How are you involved with Open Data?

I am trying to share data, but it is not easy. As a music researcher, my datasets are fairly large and complex. We work with multichannel audio and video recordings, full-body motion capture and physiological sensor data, as well as both qualitative and quantitative questionnaires and interviews. We are struggling to find good ways of synchronising and storing all this data for our own usage, particularly since a lot of the data are coming from proprietary systems. This makes it hard to share our datasets in a coherent, consistent and well-documented manner. Putting lots of files on a server is not sufficient; the data need to have proper metadata to be useful for others. I am delighted to see the growing number of data-sharing repositories popping up these days, but I think we should also question the data quality in some of these repositories. We also risk ending up in the same situation that we have with publications – a few commercial players dominating the market.

Acknowledging these problems, I am currently involved in several different initiatives on structuring multimodal/multimedia data and related metadata. There are numerous technical challenges, but we are also dealing with questions related to privacy and copyright. It is at times frustrating, I have to admit. I am primarily interested in discovering new things about how we experience music, but I spend a lot of time on technical and legal issues. Looking 10 years back, though, I am happy to see that things have progressed a lot!

To me it does not make sense to talk about Open Data without also mentioning the other parts of Open Science. If someone wants to check my research findings, they need access to both the data and the analysis software (hence, methodology). That is why I share my software code on GitHub (https://github.com/alexarje/). I also choose gold open access journals as often as possible, and self-archive manuscripts in the digital library of the University of Oslo (DUO – https://www.duo.uio.no/).

How do you get others to share their data?

I am constantly talking (positively!) about Open Science to colleagues and students, and I see that focusing on the topic has an effect. Even people that used to be sceptical are now interested in hearing about my experiences. I also focus on Open Science in the various organisations I am involved in. For example, as Chair of the Steering Committee for the International Conference on New Interfaces for Musical Expression (www.nime.org), I am pushing for new ways to publish data alongside papers and code. It is particularly important in this community, since there are a lot of independent researchers and artists involved that do not have any institutional support.

What still needs to be done to get more to share, and what makes you optimistic about the future of Open Science?

While much progress has been made, there are still numerous problems to solve before Open Data is the first choice for many researchers. This includes storage solutions that are as simple to use as popular commercial applications, but with the privacy and copyright regulations that are required for research. Standardising on Open Data formats is also critical, since proprietary and/or closed formats flourish in the research community. Developing better solutions for efficiently adding metadata is also vital. Here we need more collaboration between librarians, IT engineers and research administrators. Fortunately, there are currently a number of initiatives focussed on handling the above-mentioned issues. My wish is that we end up with a set of standardised yet flexible solutions that are open enough to allow for all sorts of weird things in the future.

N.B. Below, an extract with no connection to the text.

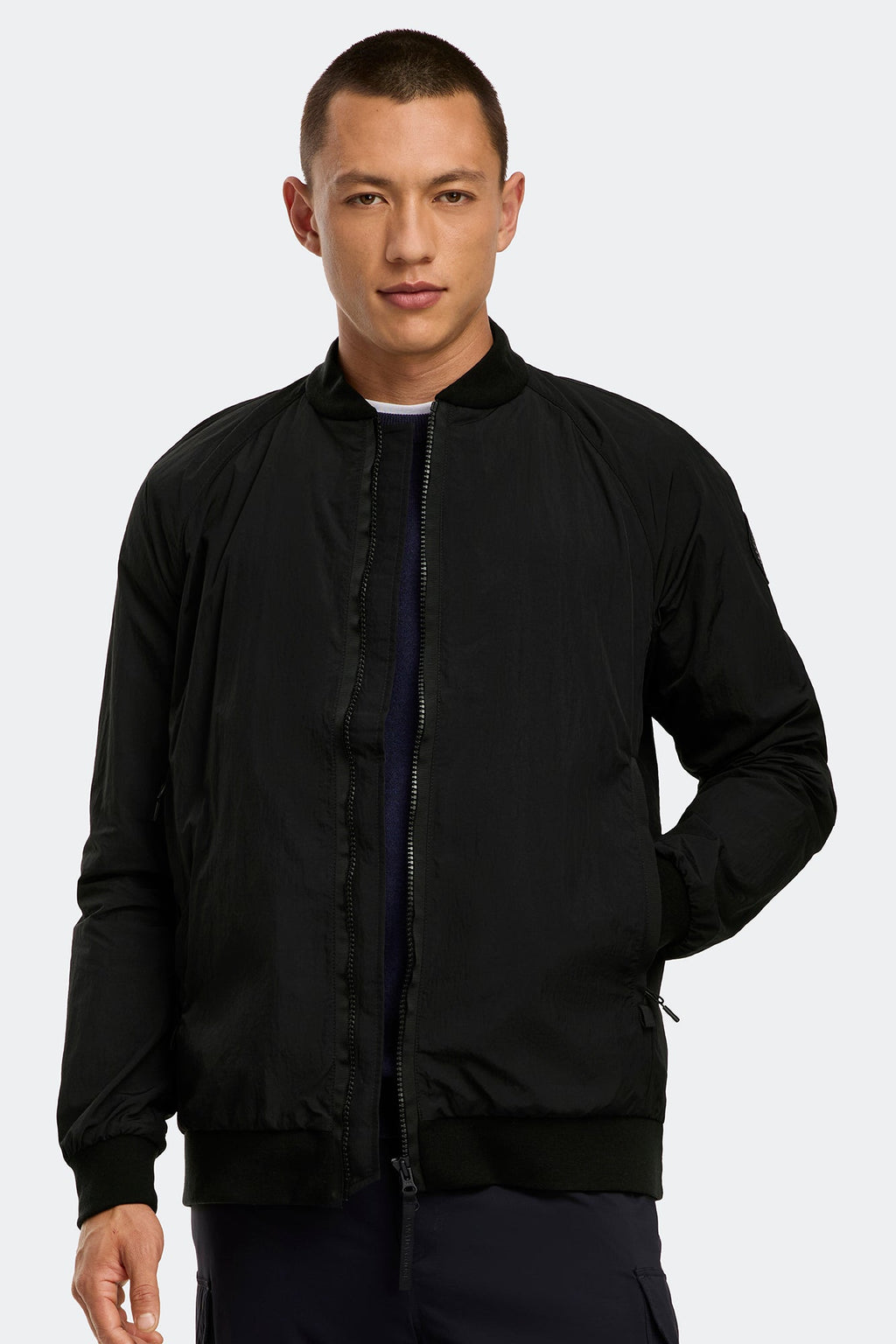 Faber Lightweight Bomber Black Disc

Finally, what do you think would happen if public research data remained closed, and what do you think a world with far more Open Data would look like?

At best, closed research is unfortunate. At worst, it could be directly harmful. It also slows down and hinders innovation. I truly believe that open research is the future!

Is there anything else you’d like to add?

While the political fight for Open Access publishing has more or less been won, we are currently at a critical point when it comes to more wide-spread implementation. The economic side of Open Access publishing is still in transition, and there is some resistance among individuals and at departmental levels. There is a paradox that many young researchers are among the most willing to adapt to Open Access, but they are also the most vulnerable.

I find the conservatism towards Open Science displayed in many committee reports and anonymous peer reviews, troublesome. That is why I advocate more openness also in such processes. At UiO we make all appointment processes as transparent as possible. All candidates for jobs can read the evaluation of each other, to check that the evaluation is not biased. I have also suggested a system of “Open Funding” to the Research Council of Norway. That is, both the applications and the reviews would be made available for everyone to read. People worry about someone stealing their idea, but this is not a problem if all published documents have DOIs, time-stamping and version control. I am sure that such a system would lead to better applications, better evaluation processes and, ultimately, better projects.